Sempre irônico, insinuou que a ministra Weber dera um voto confuso, que ele até
o final não percebera para que lado ela estava indo. A ministra, conhecida por
sua gentileza, respondeu com altivez, admitindo que existem pontos de vista diferentes.Mas não deixou barato, registrou sua coerência em mais de 40 anos de
magistratura, sem falar na coerência no caso específico do habeas corpus, pois
ela já ressaltara que sempre seguiu a jurisprudência prevalente no Supremo.
Os ministros Marco Aurélio e Ricardo Lewandowski não se conformaram quando a
derrota ficou desenhada. Depois de interromper criticamente Rosa Weber, o
ministro Marco Aurélio acusou a presidente Cármen Lúcia de ter vencido por uma
estratégia estabelecida, ao não ter pautado as Ações Declaratórias de
Constitucionalidade (ADCs) sobre prisão em segunda instância.
A presidente Cármen Lúcia também evitou entrar em atrito com ele e Lewandowski,que reclamou de que havia um pedido para colocar as ADCs à frente. Ela
simplesmente disse que a prioridade era do habeas corpus, e que havia
conversado com ele sobre isso.
O fato é que alguns dos ministros que queriam dar o habeas corpus a Lula
armaram um ambiente que teoricamente ajudaria a ministra Rosa Weber a votar em
caráter abstrato, reafirmando seu voto de 2016 a favor da prisão apenas após o
trânsito em julgado. O ministro Gilmar Mendes, a pretexto de ter que viajar
para Portugal, pediu para antecipar seu voto e lançou a tese de que o plenário
do Supremo poderia rever a jurisprudência, pois é o local em que todas as
questões podem ser reabertas.
Foi apoiado por Marco Aurélio Mello e Ricardo Lewandowski, no que parecia uma
manobra exitosa de mudar o rumo do julgamento, contra o que havia dito o
relator Edson Facchin, apoiado pela presidente Cármem Lúcia.

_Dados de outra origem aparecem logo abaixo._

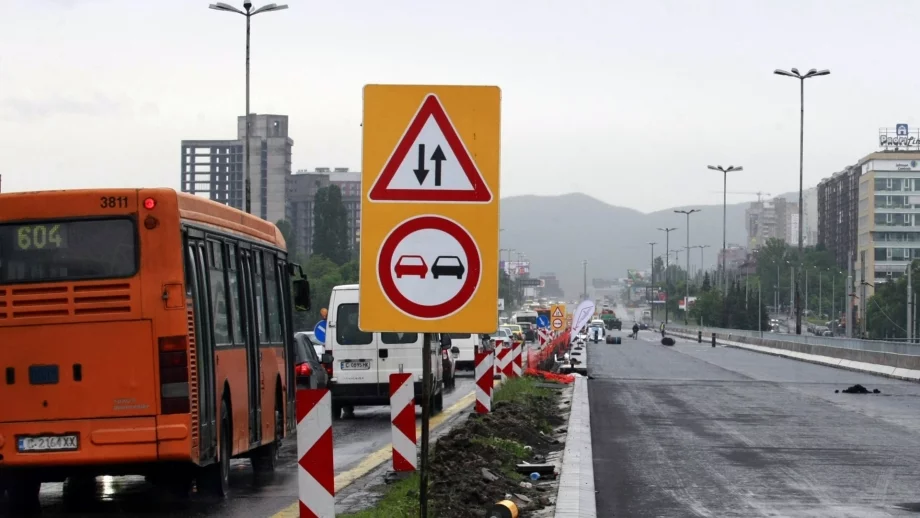 Слагат "умни" знаци по пътищата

Os dois destacaram
que estavam ali para julgar o habeas corpus específico do ex-presidente Lula.
Mais adiante, o ministro Dias Toffoli retomou essa tese, mas a ministra Rosa
Weber já não havia sido apanhada na armadilha.
Ela deixou claro desde o início de seu voto que considerava estar julgando um
habeas corpus específico para o ex-presidente Lula, e recorreu ao respeito da
colegialidade, que é uma tese recorrente em seus votos, e deu uma aula de como
se curva à maioria dentro do critério de que o Estado de Direito necessita de
“estabilidade” da jurisprudência e não pode estar sujeito a “variações
frívolas”. Para ela, a segurança jurídica é valor característico da democracia,
do Estado de Direito e do próprio conceito de Justiça.
A ministra teve o cuidado de ressaltar, logo no início de seu voto, que seria a
quinta a votar, deixando claro que ela não daria o voto de condenação final. E
salientou que um ministro não pode julgar por preferências pessoais, deixando
claro que não votaria de acordo com o grupo político que a indicou ao Supremo –
a então presidente Dilma Rousseff, sua amiga pessoal.
Com a decisão do Supremo, o ex-presidente Lula deve ser preso dentro de alguns
dias, no máximo dez dias. Os advogados ainda têm prazo para impetrar o que se
chama ironicamente de “embargos dos embargos”, um instrumento meramente
protelatório que é negado constantemente pelo TRF-4. Encerrado esse último ato,
o Juiz Sérgio Moro receberá a ordem para determinar o início do cumprimento da
pena. Provavelmente ficará pouco tempo lá, pois a defesa deverá entrar com novo
habeas corpus no Supremo Tribunal Federal, que deve cair na Segunda Turma, da
qual faz parte o ministro Edson Facchin. Se ele levar o caso para a Turma,
provavelmente Lula receberá o habeas corpus, podendo ser decretada sua prisão
domiciliar ou outras medidas cautelares, como tornozeleira eletrônica.